● **Your assignment**:
Your answer must hold only the lines below from the line containing "grand 4-storey, 5-bedroom" through the line containing "Chanel Classic Medium", each reproduced exactly.

● **Task data**:
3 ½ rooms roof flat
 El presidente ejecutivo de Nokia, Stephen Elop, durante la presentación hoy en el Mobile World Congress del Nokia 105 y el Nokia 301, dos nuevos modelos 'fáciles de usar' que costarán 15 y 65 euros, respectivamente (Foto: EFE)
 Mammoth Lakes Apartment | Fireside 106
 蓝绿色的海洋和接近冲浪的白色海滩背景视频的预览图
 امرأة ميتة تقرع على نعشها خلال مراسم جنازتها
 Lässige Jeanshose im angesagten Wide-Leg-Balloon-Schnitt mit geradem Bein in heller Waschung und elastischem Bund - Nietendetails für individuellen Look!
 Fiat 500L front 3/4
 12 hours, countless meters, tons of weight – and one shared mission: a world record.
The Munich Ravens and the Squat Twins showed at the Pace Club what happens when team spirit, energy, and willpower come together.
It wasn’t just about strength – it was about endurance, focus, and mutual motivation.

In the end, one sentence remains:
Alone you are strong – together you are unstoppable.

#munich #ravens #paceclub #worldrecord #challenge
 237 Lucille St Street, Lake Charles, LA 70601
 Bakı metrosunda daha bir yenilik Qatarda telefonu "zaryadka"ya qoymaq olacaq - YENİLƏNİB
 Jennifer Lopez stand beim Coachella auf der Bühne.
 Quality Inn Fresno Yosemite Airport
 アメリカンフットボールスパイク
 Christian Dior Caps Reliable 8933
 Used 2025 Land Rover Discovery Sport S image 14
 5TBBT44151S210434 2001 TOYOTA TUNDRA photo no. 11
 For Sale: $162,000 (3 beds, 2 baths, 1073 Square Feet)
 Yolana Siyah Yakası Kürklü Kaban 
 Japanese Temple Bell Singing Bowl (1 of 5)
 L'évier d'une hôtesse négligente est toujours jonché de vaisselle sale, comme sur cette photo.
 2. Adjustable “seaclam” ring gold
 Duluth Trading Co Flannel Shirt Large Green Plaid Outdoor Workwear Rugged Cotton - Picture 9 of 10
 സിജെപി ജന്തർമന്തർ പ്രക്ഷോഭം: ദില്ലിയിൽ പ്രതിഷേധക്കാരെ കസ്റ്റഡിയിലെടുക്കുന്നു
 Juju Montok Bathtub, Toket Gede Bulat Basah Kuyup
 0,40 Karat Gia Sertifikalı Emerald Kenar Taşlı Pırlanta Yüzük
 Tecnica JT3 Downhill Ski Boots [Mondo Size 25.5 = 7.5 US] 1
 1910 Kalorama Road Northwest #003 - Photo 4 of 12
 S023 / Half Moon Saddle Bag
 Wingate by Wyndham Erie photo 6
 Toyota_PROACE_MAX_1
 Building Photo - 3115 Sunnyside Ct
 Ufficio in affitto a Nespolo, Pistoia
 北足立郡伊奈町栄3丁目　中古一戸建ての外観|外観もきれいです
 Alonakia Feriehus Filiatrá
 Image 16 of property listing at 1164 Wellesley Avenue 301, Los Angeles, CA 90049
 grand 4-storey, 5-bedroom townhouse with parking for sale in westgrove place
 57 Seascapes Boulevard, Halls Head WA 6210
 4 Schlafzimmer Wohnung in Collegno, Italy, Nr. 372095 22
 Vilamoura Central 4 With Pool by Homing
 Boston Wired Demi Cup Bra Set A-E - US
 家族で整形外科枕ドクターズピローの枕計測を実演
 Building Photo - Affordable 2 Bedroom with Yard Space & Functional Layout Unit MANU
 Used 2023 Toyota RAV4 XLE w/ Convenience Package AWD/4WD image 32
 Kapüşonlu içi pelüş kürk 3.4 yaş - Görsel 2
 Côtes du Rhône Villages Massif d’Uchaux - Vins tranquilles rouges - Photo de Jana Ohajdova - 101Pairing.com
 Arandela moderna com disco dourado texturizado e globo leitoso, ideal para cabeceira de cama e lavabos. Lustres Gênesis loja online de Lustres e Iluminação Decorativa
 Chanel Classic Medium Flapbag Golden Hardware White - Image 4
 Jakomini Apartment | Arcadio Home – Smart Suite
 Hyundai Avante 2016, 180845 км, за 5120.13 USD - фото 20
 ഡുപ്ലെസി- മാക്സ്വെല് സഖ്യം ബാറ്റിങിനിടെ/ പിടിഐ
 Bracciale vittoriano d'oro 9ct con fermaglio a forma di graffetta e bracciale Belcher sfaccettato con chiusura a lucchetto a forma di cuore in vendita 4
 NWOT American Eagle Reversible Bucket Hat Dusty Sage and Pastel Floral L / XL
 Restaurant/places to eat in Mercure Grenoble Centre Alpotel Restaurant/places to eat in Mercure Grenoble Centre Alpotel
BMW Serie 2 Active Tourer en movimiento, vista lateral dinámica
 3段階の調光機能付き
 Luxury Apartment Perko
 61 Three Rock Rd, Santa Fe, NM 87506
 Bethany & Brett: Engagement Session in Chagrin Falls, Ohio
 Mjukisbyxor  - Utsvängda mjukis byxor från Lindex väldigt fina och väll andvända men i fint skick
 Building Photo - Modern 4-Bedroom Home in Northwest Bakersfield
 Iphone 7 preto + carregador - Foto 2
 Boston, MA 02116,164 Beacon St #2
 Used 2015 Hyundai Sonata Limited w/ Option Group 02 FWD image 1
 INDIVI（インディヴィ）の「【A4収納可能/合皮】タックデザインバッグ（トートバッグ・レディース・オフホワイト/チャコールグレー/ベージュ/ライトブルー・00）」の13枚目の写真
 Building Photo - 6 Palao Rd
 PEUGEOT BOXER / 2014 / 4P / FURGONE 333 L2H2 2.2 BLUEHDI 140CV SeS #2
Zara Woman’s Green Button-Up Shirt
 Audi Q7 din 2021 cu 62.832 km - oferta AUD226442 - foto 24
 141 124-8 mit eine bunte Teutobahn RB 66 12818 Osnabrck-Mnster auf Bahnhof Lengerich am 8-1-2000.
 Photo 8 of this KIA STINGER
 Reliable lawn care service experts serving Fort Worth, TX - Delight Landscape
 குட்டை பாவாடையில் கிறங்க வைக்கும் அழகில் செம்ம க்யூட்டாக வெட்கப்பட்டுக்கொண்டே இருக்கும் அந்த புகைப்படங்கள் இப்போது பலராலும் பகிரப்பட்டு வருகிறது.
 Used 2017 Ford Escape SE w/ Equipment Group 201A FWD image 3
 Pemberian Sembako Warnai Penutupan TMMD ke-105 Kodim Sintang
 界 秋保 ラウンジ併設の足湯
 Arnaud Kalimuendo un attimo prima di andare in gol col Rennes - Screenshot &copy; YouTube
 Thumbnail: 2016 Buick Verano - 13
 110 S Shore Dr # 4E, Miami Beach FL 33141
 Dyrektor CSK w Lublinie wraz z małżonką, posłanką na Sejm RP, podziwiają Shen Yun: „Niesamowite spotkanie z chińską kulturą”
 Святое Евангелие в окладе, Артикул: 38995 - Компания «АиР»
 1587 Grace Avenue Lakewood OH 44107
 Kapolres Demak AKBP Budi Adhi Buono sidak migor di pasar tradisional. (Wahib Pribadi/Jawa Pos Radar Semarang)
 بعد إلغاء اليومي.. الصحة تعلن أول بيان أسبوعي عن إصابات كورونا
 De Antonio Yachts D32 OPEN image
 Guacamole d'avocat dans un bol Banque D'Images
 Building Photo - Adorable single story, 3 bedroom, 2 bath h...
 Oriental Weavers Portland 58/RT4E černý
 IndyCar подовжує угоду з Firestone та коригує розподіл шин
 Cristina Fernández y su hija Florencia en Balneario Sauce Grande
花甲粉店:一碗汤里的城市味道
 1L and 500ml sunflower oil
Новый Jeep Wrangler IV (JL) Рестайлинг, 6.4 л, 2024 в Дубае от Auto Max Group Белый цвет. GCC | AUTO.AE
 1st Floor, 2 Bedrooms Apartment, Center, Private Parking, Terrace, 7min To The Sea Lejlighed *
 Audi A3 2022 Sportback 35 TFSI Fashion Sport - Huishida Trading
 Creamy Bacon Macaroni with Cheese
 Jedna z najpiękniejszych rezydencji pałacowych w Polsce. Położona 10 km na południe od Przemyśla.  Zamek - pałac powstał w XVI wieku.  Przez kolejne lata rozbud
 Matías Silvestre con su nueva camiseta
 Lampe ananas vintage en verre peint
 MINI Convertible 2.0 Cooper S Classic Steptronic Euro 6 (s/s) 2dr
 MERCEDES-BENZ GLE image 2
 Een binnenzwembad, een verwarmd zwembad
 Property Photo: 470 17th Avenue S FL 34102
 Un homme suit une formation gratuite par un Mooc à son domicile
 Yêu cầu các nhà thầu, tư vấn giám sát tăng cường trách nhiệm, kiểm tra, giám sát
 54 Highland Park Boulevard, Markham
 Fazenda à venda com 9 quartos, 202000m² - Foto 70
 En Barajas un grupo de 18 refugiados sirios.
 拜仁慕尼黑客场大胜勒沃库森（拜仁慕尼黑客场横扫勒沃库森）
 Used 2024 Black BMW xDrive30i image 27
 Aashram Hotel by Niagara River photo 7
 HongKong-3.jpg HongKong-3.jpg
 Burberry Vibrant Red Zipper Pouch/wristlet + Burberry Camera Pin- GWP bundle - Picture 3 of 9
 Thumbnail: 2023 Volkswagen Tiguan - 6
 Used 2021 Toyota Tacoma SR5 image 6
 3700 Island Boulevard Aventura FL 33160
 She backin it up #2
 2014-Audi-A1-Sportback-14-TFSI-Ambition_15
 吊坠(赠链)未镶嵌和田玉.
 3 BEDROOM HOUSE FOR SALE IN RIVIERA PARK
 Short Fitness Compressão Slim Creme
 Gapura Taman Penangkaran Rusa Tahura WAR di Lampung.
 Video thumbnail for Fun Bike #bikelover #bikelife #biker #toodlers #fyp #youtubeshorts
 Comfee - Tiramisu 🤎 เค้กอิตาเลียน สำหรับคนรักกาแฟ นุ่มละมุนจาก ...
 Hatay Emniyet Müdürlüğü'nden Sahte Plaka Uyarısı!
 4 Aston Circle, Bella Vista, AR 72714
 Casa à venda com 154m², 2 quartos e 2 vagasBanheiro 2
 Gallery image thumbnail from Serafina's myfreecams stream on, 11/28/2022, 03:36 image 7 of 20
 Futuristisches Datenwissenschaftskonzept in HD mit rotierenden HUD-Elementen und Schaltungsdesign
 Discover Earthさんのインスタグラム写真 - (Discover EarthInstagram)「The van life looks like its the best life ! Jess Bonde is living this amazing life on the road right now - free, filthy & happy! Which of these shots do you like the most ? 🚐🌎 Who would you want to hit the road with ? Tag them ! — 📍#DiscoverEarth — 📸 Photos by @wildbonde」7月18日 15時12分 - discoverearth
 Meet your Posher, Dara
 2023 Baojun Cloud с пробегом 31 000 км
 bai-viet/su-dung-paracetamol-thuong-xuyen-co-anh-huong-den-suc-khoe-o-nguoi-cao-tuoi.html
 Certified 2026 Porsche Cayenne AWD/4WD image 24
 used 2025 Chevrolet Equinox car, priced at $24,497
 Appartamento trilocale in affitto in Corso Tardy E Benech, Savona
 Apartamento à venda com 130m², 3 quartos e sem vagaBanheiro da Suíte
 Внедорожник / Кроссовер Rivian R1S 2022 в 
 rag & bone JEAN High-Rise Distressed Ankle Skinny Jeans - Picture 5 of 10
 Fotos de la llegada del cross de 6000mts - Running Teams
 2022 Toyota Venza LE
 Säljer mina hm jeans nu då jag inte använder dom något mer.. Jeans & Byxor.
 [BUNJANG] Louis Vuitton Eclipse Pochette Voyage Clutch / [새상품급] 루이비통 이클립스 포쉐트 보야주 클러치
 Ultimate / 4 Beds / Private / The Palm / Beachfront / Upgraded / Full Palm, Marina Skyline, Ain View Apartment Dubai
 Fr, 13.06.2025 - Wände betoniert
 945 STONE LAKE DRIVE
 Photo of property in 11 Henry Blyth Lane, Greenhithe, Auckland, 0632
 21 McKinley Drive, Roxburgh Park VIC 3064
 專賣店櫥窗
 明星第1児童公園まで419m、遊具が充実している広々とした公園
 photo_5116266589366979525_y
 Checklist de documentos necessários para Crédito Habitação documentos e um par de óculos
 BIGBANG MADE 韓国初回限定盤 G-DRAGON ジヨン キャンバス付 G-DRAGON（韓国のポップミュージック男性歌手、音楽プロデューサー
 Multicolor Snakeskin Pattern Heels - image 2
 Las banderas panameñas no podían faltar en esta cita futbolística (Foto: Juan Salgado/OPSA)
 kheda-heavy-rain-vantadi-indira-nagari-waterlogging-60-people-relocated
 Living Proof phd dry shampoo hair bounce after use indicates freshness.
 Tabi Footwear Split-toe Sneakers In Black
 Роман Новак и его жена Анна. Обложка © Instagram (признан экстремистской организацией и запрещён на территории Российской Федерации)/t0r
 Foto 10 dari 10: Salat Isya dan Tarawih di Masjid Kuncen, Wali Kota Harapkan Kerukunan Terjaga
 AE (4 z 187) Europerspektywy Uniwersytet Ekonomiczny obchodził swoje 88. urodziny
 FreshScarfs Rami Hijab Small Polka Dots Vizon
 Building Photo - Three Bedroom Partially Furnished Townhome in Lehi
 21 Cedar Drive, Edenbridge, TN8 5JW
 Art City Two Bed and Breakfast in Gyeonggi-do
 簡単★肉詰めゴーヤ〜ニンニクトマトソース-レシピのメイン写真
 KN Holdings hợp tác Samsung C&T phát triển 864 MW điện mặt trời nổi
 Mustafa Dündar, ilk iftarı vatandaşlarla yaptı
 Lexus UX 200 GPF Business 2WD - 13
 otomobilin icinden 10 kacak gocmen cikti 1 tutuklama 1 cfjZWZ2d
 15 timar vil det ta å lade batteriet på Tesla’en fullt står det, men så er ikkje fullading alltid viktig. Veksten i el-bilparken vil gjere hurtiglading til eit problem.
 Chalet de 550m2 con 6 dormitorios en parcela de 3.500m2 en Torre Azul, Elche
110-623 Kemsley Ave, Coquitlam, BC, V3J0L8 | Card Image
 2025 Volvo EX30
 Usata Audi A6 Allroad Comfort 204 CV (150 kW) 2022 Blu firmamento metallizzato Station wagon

● **Response for this exercise**:
 grand 4-storey, 5-bedroom townhouse with parking for sale in westgrove place
 57 Seascapes Boulevard, Halls Head WA 6210
 4 Schlafzimmer Wohnung in Collegno, Italy, Nr. 372095 22
 Vilamoura Central 4 With Pool by Homing
 Boston Wired Demi Cup Bra Set A-E - US
 家族で整形外科枕ドクターズピローの枕計測を実演
 Building Photo - Affordable 2 Bedroom with Yard Space & Functional Layout Unit MANU
 Used 2023 Toyota RAV4 XLE w/ Convenience Package AWD/4WD image 32
 Kapüşonlu içi pelüş kürk 3.4 yaş - Görsel 2
 Côtes du Rhône Villages Massif d’Uchaux - Vins tranquilles rouges - Photo de Jana Ohajdova - 101Pairing.com
 Arandela moderna com disco dourado texturizado e globo leitoso, ideal para cabeceira de cama e lavabos. Lustres Gênesis loja online de Lustres e Iluminação Decorativa
 Chanel Classic Medium Flapbag Golden Hardware White - Image 4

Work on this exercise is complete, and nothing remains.